A Scar with a long, horizontal scar on his nose. Terada's ability is using his telekinetic powers to make whips from his hands simple called Air Whips, which have a range of sixty meters. After defeating him in battle, Teruki picked up this ability. He left Claw after the 7th Division dissolved, and returned to fight Claw during the World Domination arc.
- Muto (霧藤, Mutō)

A Scar with an unusually long chin, which contains his scar. His ability is to traumatize people with hallucinations of their worst fears. He fought for the 7th Division, and tried to kill Mob with his powers, but was defeated when his induced hallucinations caused Mob to go 100%.

==Supporting characters==
- Tenga Onigawara (鬼瓦 天牙, Onigawara Tenga)

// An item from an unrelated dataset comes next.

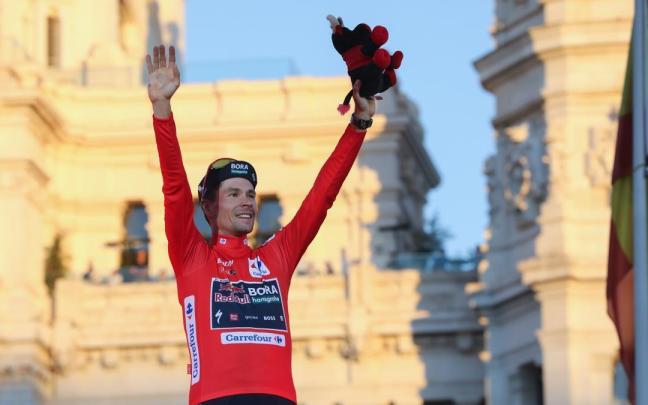 Primoz Roglic festeja la victoria final de la Vuelta en 2024.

A delinquent at Salt Middle School with a short temper. After Mob's destruction of Black Vinegar Middle school, Onigawara inadvertently started the "White T-Poison" rumor. He later becomes a member of the Body Improvement Club after Shinji Kamuro frames him and turns his class against him, and he decides to better himself as a person.
- Ichi Mezato (米里 イチ, Mezato Ichi)

A member of Salt Middle School's Journalism Club who met Mob while investigating the LOL cult. She developed an interest in his psychic abilities and helped found the Psycho Helmet Cult.
- Tsubomi Takane (高嶺 ツボミ, Takane Tsubomi)

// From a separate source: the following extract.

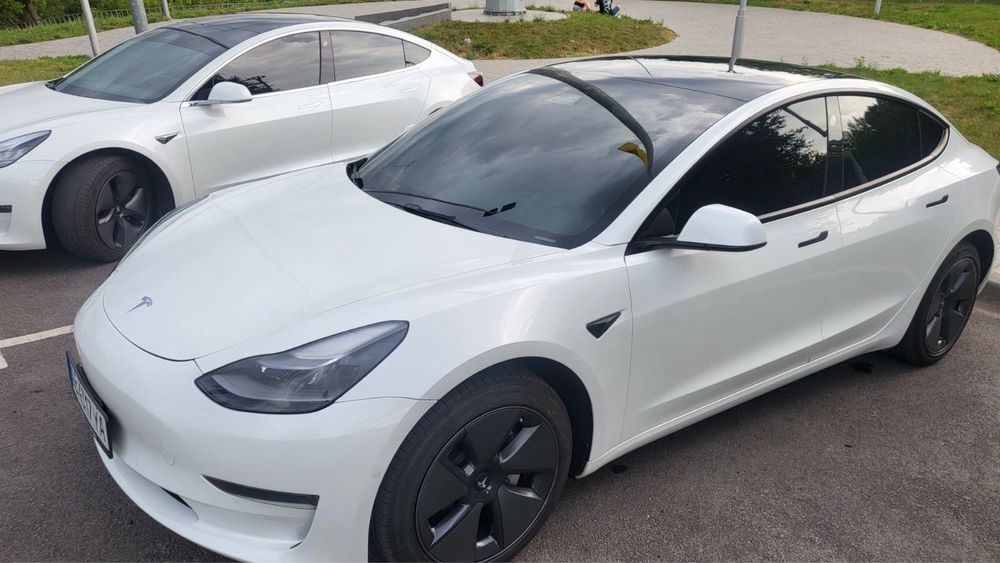 Tesla Model 3 2021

Tsubomi is Mob's childhood friend and his crush. She values hard work and effort over natural talent and is one of few who truly doesn't care about Mob's psychic ability. Because of her indifference towards his powers, she influenced Mob's decision to not depend on his powers, as well as the decision to join the Body Improvement Club.
- Musashi Goda (郷田 武蔵, Gōda Musashi)

The founder and president of the Body Improvement Club (肉体改造部, Nikutaikaizōbu), a fitness-based club that took over the club room once held by the Telepathy Club. Raised on a farm, Musashi is kind-hearted with a strong sense of justice who only resorts to fighting when left with no choice.
- Keiji Mogami (最上 啓示, Mogami Keiji)

A former psychic who was once dubbed "The Greatest Psychic of the 20th Century", he began working as an assassin to help his ill mother. When she came back as an evil spirit and blamed her death on her son, Mogami committed suicide and became a spirit. After his defeat by Mob, Mogami returns during the Claw World Domination arc and defeats Minegishi.

===Mitsuura Group===
The Mitsuura Group are a group of espers with basic or weak psychic abilities who are studied with the intent of granting psychic powers to the entirety of society. The group disbands after the Claw World Domination arc, although they remain friends.

- Kenji Mitsuura (密裏 賢治, Mitsūra Kenji)

The leader of the Mitsuura Group who doesn't have psychic powers and wished to make artificial psychic powers for all of society to use, he then disbands the group after he was convinced by Rei, Daichi and Kaito that people might misuse their abilities when the project succeeds.
- Takeshi Hoshino (星野 武史, Hoshino Takeshi)

A member who is able to use telekinesis. He doesn't like it when called weak. His abilities were only strong enough to simply bend spoons with full efforts, until being under Teruki's training, Takeshi's telekinesis became stronger.
- Rei Kurosaki (黒崎 麗, Kurosaki Rei)

A member who is able to use clairvoyance. She had a crush on Ritsu and Teru. Her efficiency was 67%, but after being under Teruki's training, her accuracy improved.
- Go Asahi (朝日 豪, Asahi Gō)

A member who is able to use pyrokinesis. He at first could barely make a small flame, but then gets much stronger under Teruki's training.
- Daichi Shiratori (白鳥 大地, Shiratori Daichi)

A member who is able to use telepathy and is Kaito's brother. He first could only communicate with his brother, but then became able to use telepathy on anyone after Teruki trained him.
- Kaito Shiratori (白鳥 海斗, Shiratori Kaito)

A member who is able to use telepathy and is Daichi's brother. He first could only communicate with his brother, but then became able to use telepathy on anyone after Teruki trained him.